A few months ago, something terrible happened. It was bound to happen. Looking back, I can tell that it occurred only because of my complacency. I was sitting on my bed in the safety of my home with a laptop, reading other blogs and anointing them with my expert comments, when I realized that my overgrown nails were causing some impediment while typing.
People think that mishaps occur only when they venture out of their homes. This is not true. To get in the way of harm, you don’t have to go to Iraq, Afghanistan, or Syria, or play in traffic, or swim in shark-infested water. Calamity could strike you even inside your home. In fact, toilet injuries are far more common than shark attacks. According to a report, last year, 75 people had suffered from shark bites all over the world, against 40,000 toilet related injuries. People even drown in bathtubs and buckets.
So, I was sitting on my bed with a laptop, reading and commenting on blogs, and as always being home alone, my subconscious was filled with anxiety and a vague fear of some unknown catastrophe, like alien attack, or the earth straying away from its orbit and getting lost in the space, not to talk about the fear of smaller hazards, like fire, earthquake, flood, or armed robbery. Many times, I come across stories of home invasion by bears, snakes, cockroaches, or mosquitoes, and they also stay in the back of my mind.
I was fortunate that there weren’t any thunderstorm, tornado or tsunami warning that day. But accidents usually occur without warnings. The weatherman will never tell you that an airplane is going to crash over your home.
And that day, my biggest fear came true. As I mentioned earlier, I was sitting on my bed with a laptop, reading and commenting on blogs when I realized it was time to clip my nails.
Now, reading other blogs and online magazines is what I do when I suffer from anxieties in general. I have realized that reading literary magazines
is a sheer waste of time. First, the writers there only try to show off their highbrowism. Second, whatever pleasure you get while reading a magnificent article or a story turns sour when you realize how subpar your own writing abilities are compared to them. I don’t know about you, but I get depressed. On the contrary, reading blogs written by normal people like your own self, gives you immense gratification. If a post is well-written, it is a boon, and if it is shoddy, incoherent, top-of-the-head garbage, it is a mega boon, as it makes you feel even better and boosts your self esteem.

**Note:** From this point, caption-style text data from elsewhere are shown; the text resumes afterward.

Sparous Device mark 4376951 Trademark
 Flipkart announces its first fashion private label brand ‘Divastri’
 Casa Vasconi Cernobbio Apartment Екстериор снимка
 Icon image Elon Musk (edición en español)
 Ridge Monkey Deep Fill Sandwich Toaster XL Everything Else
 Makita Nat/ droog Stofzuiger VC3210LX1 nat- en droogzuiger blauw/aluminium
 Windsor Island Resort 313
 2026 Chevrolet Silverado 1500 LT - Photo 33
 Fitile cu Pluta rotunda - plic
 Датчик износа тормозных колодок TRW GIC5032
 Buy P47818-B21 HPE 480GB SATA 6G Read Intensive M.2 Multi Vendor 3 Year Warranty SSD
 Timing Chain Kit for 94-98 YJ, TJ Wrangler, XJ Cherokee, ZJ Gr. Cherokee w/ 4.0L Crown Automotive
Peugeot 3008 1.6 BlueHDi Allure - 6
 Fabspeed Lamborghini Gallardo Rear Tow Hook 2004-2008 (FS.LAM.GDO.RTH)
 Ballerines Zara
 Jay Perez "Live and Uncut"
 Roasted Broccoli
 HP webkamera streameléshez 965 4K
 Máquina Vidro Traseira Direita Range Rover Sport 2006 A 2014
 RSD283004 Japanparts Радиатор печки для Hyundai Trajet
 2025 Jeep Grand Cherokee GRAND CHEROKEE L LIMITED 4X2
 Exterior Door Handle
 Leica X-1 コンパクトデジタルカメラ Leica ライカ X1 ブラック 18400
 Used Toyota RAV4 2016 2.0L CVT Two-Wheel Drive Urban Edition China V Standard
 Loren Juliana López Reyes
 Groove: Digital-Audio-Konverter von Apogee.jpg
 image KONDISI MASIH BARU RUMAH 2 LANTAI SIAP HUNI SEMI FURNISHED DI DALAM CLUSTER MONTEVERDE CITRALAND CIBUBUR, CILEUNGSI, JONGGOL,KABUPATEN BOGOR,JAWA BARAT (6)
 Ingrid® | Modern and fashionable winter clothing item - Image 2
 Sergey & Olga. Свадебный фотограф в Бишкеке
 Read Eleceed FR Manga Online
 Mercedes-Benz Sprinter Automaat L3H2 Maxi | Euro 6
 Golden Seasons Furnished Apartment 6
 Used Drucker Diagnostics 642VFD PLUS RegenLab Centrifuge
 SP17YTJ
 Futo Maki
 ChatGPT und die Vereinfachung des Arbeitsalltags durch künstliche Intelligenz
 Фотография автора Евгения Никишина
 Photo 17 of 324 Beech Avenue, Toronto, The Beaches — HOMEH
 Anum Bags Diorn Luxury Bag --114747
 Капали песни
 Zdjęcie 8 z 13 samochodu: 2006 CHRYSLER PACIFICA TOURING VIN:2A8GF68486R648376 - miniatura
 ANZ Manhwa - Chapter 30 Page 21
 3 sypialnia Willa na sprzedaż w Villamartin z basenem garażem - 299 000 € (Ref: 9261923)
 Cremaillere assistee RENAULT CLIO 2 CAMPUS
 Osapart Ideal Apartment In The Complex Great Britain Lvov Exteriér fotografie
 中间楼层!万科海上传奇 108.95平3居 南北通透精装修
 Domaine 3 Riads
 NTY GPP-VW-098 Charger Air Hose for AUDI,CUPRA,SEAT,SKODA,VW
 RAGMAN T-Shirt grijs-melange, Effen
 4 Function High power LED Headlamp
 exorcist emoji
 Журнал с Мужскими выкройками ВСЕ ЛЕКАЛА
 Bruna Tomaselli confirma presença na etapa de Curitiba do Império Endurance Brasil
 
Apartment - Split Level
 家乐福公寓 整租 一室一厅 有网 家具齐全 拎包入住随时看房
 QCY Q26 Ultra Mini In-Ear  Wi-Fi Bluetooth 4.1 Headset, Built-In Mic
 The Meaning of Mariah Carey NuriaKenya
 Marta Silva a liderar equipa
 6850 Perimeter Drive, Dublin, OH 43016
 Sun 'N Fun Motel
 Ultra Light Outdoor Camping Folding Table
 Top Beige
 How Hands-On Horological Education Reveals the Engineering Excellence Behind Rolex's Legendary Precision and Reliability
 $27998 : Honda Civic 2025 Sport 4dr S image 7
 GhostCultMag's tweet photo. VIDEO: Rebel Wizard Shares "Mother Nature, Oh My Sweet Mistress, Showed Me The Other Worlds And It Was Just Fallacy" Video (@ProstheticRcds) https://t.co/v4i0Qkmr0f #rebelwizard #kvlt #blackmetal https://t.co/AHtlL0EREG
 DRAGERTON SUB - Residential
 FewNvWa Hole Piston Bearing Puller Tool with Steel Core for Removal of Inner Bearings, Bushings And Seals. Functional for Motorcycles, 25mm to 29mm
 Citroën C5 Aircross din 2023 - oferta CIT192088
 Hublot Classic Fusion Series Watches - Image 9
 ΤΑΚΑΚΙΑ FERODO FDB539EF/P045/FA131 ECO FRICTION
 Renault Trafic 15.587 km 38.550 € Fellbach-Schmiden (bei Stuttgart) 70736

Thus, I was trying to boost my self esteem, when I realized I needed to clip my fingernails. I pulled out a magazine, which happened to be the latest issue of Time Magazine, to collect the clipped nails and started to shape my nails. I had planned to clip only fingernails because toenails are better done after a shower. Which reminds me that a few years ago, I had fractured my pinky toe by smashing it against a leg of a coffee table. I will write about it next time because this post has already crossed its word limit and I haven’t told you about the accident yet.
So I started to clip my nails and collect them on the magazine. At such times, I usually pity the person featured on the cover. I really felt bad putting my nail clips on an eminent person’s face. I wonder what other abuses such pictures suffer all around the world.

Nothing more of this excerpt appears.